東京の大動脈となるJR中央線で、「シカと衝突」と各駅の電光掲示板などに表示されたと、ツイッターなどで一時話題になった。

電車の遅延原因になったということだが、東京でもシカがどれだけいるものなのか。

青梅線で電車がシカをはね、中央線にも影響


ニホンジカ

JR東日本八王子支社の広報課にJタウンネットが聞いたところでは、東京都青梅市内のJR青梅線・軍畑(いくさばた)―沢井両駅間で2017年10月19日5時59分ごろに衝突事故は起きた。

青梅発奥多摩行き下り普通電車がシカをはね飛ばし、緊急停車した。この影響で、青梅線が一時ストップし、この電車が折り返しの東京行きだったため、中央線の快速電車にも遅延が出た。電車は、車両点検と周囲の安全確認を行ったうえで、6時9分に運転を再開した。なぜシカがいたのかなど、状況については分かっていないという。

通勤途中の乗客が多い中央線まで影響が及んだため、ツイッター上では、その遅延原因に驚きの声が上がった。

19日朝にツイッターでトレンド入りするほどだった。とはいえ、青梅市など多摩地区と見られる人からは、特に驚きはないとの声も出ている。青梅線などでは、シカなどとの衝突事故が多いためだ。

JR東日本八王子支社によると、17年度の4〜9月上半期は、シカを含めた衝突事故が管内で約70件も発生している。そのうち、シカとの事故は、約8割を占めるほど多い。

それも、管内で年々増加傾向にある。

シカは増加傾向で、年間の衝突事故は約100件にも

シカなどとの衝突事故は、2013年度は約60件だったが、15、16年度は約100件にも達した。

八王子支社ではこれまで、侵入防止のフェンスを約9キロにわたって設置したり、ライオンの尿由来の薬剤を踏切で散布したりする事故防止対策をしてきた。さらに、17年1月には、エサや水でおびき寄せる「囲いわな」によるシカやイノシシの捕獲を試行的に始めたと発表した。

山梨県甲府市内のJR中央線の線路近くで9月まで行い、今後については、その結果を見て検討することにしている。

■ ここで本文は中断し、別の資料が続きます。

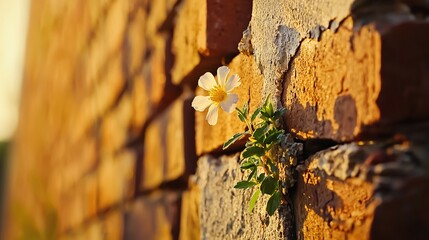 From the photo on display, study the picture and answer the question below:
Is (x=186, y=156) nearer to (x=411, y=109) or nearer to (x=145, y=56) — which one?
(x=145, y=56)

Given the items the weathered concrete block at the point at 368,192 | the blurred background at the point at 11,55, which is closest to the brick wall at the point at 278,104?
the weathered concrete block at the point at 368,192

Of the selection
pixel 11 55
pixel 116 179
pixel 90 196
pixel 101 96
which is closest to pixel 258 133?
pixel 116 179

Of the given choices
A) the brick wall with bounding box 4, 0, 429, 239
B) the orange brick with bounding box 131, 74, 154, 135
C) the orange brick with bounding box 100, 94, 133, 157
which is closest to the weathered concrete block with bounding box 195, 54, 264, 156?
the brick wall with bounding box 4, 0, 429, 239

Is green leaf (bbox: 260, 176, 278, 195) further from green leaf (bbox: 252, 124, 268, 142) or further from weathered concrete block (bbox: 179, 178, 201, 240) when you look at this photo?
weathered concrete block (bbox: 179, 178, 201, 240)

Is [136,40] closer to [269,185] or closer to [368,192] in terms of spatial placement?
[269,185]

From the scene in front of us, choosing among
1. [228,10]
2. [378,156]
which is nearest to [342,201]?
[378,156]

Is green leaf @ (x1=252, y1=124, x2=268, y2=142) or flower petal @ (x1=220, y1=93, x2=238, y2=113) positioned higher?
flower petal @ (x1=220, y1=93, x2=238, y2=113) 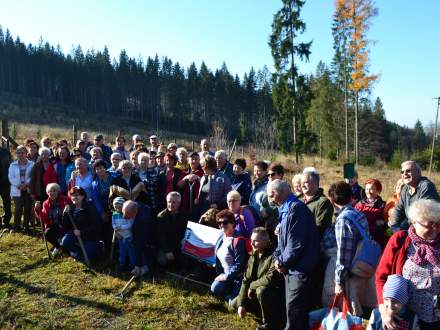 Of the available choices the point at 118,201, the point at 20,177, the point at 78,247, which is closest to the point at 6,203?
the point at 20,177

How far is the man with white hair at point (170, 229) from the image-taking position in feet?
21.5

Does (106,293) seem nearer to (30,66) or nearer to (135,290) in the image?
(135,290)

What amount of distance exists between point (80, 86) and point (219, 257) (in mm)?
68708

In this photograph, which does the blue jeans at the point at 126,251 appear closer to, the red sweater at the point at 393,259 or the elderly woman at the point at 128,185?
the elderly woman at the point at 128,185

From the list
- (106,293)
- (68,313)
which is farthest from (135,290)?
(68,313)

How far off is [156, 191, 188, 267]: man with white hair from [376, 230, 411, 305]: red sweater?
3.92 metres

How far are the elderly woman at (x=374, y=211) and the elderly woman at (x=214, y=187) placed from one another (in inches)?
92.3

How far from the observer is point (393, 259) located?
330 cm

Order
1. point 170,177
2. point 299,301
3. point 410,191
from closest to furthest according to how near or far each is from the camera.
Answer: point 299,301 → point 410,191 → point 170,177

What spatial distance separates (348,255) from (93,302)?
387cm

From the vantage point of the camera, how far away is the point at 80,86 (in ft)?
222

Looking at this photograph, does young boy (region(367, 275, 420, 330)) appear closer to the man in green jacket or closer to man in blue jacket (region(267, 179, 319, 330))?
man in blue jacket (region(267, 179, 319, 330))

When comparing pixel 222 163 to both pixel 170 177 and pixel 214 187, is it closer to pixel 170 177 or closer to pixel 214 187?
pixel 214 187

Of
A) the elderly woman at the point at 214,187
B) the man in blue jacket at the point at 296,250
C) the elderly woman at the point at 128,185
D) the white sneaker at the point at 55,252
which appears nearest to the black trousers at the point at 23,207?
the white sneaker at the point at 55,252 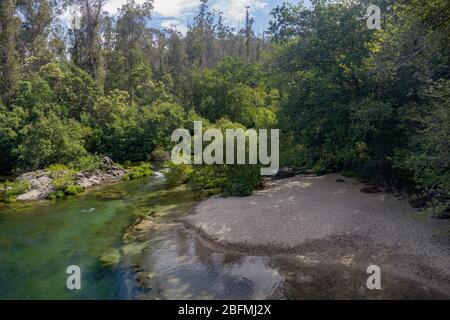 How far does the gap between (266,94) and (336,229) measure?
111 feet

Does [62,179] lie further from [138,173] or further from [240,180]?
[240,180]

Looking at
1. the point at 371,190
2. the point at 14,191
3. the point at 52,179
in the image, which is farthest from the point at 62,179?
the point at 371,190

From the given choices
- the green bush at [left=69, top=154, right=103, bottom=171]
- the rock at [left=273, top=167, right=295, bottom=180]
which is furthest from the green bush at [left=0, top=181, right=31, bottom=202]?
the rock at [left=273, top=167, right=295, bottom=180]

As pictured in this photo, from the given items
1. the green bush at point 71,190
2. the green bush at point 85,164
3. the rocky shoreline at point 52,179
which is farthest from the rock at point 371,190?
the green bush at point 85,164

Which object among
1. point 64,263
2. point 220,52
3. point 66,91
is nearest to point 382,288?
point 64,263

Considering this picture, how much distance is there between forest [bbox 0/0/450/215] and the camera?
12.9 m

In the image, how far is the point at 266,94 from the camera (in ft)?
149

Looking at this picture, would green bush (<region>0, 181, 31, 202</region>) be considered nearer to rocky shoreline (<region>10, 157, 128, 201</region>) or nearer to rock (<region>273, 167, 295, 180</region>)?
rocky shoreline (<region>10, 157, 128, 201</region>)

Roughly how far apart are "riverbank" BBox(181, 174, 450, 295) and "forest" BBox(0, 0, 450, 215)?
1397 mm

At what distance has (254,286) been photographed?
10492 millimetres

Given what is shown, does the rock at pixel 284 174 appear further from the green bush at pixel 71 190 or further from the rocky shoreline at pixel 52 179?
the green bush at pixel 71 190

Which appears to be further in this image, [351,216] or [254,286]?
[351,216]

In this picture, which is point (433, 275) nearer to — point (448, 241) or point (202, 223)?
point (448, 241)

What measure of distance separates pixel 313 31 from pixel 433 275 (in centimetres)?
1362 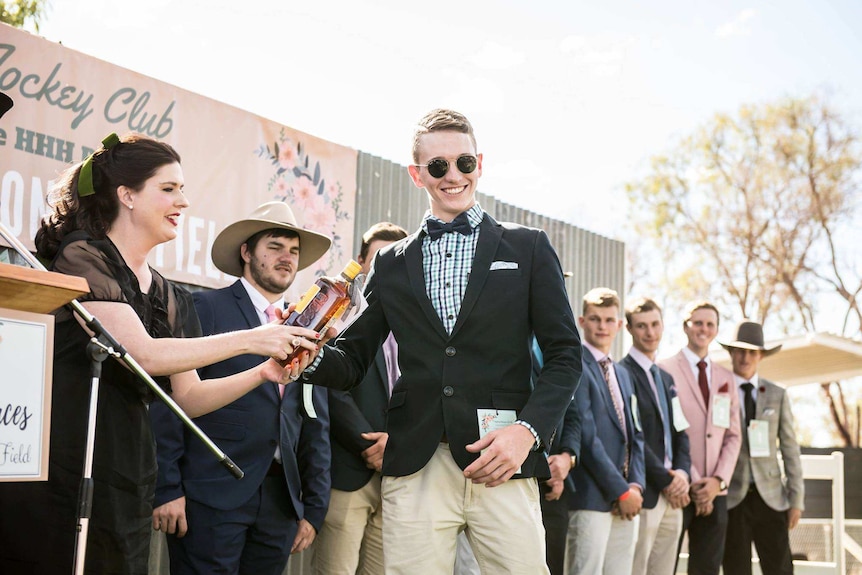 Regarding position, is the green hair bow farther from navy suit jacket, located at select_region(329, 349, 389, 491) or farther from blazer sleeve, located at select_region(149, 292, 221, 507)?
navy suit jacket, located at select_region(329, 349, 389, 491)

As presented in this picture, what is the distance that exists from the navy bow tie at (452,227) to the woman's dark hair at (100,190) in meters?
0.94

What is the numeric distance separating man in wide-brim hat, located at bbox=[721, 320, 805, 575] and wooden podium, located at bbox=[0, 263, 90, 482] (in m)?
5.40

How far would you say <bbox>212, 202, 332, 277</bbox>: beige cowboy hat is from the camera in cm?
443

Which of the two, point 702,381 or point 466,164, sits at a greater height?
point 466,164

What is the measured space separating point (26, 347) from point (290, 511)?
1979mm

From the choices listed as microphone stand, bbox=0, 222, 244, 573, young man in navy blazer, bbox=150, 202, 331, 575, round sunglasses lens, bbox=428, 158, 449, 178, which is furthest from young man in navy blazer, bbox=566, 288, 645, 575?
microphone stand, bbox=0, 222, 244, 573

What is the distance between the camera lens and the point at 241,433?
3.92m

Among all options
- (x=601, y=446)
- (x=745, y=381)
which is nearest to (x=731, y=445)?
(x=745, y=381)

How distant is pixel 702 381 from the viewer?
666 centimetres

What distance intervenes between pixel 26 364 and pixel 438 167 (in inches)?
49.5

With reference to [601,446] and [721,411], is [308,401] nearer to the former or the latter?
[601,446]

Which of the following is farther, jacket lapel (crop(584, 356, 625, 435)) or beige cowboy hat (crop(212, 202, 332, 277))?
jacket lapel (crop(584, 356, 625, 435))

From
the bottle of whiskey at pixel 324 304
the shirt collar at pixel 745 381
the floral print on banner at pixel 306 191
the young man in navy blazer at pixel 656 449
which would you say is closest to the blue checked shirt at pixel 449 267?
the bottle of whiskey at pixel 324 304

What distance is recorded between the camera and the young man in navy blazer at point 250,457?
3.79 metres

東京都の計画課によると、奥多摩を中心にしたニホンジカの生息数は、推定で2008年は1800頭だったが、12〜15年は2500頭と増加傾向にある。要因としては、ハンターが高齢化で少なくなったのと、温暖化で雪が積もらなくなっていることがあるとみている。都では、適正な数を400頭としており、増えすぎているとして管理捕獲に乗り出している。

青梅市の農林課は10月19日、奥多摩の東側に当たる市内の御岳山(みたけさん)一帯にシカが分布していて、ドングリ不作などがあると山里に下りてくると取材に説明した。16年は不作の影響で農作物の食害などが酷く、17年も例年より被害がやや多いといい、年々出没するシカの数が増えているとしている。